**WORK ORDER**.
Across the listing below, count the lines containing "sink". Give nothing but the number.

**MATERIAL TO PROCESS**.
>>>
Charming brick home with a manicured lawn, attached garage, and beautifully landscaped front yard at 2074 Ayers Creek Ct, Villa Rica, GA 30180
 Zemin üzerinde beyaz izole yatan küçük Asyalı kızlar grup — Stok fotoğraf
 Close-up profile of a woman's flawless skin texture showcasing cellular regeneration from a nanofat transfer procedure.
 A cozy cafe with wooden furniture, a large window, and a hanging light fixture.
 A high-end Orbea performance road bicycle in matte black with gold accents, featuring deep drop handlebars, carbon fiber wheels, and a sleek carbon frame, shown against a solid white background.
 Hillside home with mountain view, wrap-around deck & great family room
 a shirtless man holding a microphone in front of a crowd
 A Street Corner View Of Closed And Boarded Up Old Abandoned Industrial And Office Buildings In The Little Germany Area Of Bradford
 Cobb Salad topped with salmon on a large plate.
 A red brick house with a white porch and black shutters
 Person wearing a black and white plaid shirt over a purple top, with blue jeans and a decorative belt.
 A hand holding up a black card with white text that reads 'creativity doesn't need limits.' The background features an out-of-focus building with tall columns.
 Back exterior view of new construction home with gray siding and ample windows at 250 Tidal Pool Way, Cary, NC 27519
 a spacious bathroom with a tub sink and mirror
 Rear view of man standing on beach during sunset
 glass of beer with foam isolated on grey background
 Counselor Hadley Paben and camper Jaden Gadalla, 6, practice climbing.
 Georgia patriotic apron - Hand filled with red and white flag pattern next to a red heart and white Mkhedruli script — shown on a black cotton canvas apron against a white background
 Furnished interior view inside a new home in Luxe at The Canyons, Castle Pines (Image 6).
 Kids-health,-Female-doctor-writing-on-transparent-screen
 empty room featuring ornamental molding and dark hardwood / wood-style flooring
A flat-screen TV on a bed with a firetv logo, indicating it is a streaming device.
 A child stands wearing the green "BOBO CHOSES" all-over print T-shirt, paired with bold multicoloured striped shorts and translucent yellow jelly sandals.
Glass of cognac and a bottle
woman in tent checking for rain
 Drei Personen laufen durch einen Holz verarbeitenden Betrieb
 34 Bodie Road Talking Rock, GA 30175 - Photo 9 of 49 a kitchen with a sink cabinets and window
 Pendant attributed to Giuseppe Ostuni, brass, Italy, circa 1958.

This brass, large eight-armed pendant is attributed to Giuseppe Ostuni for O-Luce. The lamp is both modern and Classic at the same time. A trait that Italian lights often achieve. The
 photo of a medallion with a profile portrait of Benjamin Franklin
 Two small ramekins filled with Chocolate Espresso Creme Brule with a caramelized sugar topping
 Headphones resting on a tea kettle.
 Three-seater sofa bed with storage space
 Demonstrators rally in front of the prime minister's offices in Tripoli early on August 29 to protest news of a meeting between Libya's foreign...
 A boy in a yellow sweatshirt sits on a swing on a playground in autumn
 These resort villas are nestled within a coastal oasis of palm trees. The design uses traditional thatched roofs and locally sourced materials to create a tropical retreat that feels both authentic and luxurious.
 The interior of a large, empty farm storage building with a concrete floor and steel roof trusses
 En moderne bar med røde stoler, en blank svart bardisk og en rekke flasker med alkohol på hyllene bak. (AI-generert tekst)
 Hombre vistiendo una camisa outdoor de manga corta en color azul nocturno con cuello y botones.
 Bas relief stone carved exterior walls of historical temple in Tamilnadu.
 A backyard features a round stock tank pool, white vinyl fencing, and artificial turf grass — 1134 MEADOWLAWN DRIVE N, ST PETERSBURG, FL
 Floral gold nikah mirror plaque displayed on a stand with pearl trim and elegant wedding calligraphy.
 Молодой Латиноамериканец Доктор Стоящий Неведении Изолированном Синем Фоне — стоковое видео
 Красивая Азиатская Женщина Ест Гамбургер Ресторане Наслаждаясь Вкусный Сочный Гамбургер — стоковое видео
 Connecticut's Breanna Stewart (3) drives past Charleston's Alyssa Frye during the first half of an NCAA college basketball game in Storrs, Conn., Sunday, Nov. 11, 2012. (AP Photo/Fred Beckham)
<<<
**OUTPUT OF THE EXERCISE**.
2